BPAY’s general manager of business services, Keith Brown, says that while local governments and councils have traditionally been big early adopters of BPAY View, there is an increasing awareness of a clear opportunity for state and federal sectors to harness both BPAY View and the classic BPAY payment service to save costs and improve service.

“In terms of the presentment market of BPAY View … look at government departments that issue significant amounts of paper ‑ the Australian Taxation Office or Centrelink for example,” Mr Brown says.

He notes that coincidently, some of Australia’s biggest legacy paper pushers at the federal and state level are also significant BPAY payments billers “so there’s a huge opportunity when we are talking about bringing BPAY view and BPAY together, for them to consolidate that process.”

“People see those financially related processes that fit within their bank [ecosystem],” Mr Brown says.

Put very simply, if given a choice consumers will more naturally look towards where they do their everyday banking and make payments to view government related documents ‑ rather than going to where government documents are sent to then make payments.

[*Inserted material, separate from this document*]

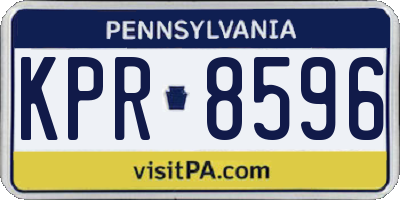 PA license plate KPR8596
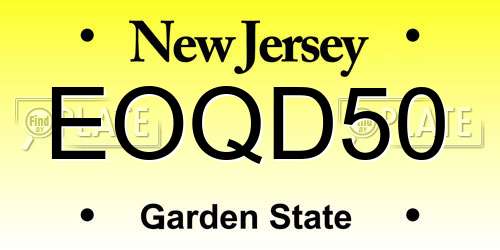 EOQD50 New Jersey License Plate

Mr Brown cites one possibility of being able to get “tax information from BPAY View” in conjunction  with a payment of an amount from either side.

“Even if there’s a payment back into your account, the information can come back through, so you can link the two together,” Mr Brown says.

The very idea that BPAY’s member banks could soon be contesting the mail-house business for some of the biggest federal and state agencies will not sit comfortably with Australia Post ‑ but the savings on offer are likely to appeal to cash-strapped public services which have sometimes been criticised for not moving quickly enough on the mobile and digital transaction front.

Also very notable have been frank admissions prior to the Budget by Treasurer Joe Hockey that core computer systems at Centrelink and the ATO will soon need to be upgraded at a cost of “billions”.

One of the more pressing issues for large state and federal government entities looking to save on mail by going to digital document hosting is that of execution capability; managing risk, ease of integration and looking at what is now in the market.

“It would be sensible to use an existing service rather than looking at something that is currently unproven,” Mr Brown says.

He similarly points to the long term commitment to continuous innovation by BPAY that means its stakeholders – essentially Australia’s banks – can continue to deliver on their customers’ expectations, particularly on the mobile front.

“All mobile banking apps now have BPAY as an option,” Mr Brown says.

“It’s one of the top three features used by consumers on mobile banking apps,” he says, adding that just as BPAY helped drive Australian “internet banking take-up, now it’s driving mobile banking take-up.”

Mr Brown is also adamant that solid competition in the payments and electronic presentation market is not only necessary, it is also present.

“There is certainly choice in the market. When you look at the payments market, we [BPAY] have around 35 per cent. Yes we are there as an aggregator within the banks ‑ but there are plenty of people receiving email bills as well [which refer customers back directly] to the biller’s site,” Mr Brown says.

A lesser known aspect of BPAY is that unlike overtly profit driven payment services, its business model works as a low-cost utility platform for member banks – the benefits being that wholesale transaction processing costs are kept low because of the shared service and infrastructure model.

“We are owned by the major banks, but we are not government owned, so we have to make money for our owners,” Mr Brown says.

“We are not for profit ‑ but we are certainly a low cost provider,” Mr Brown notes.

“We are not here to maximise profits in any form, which other entities might be.”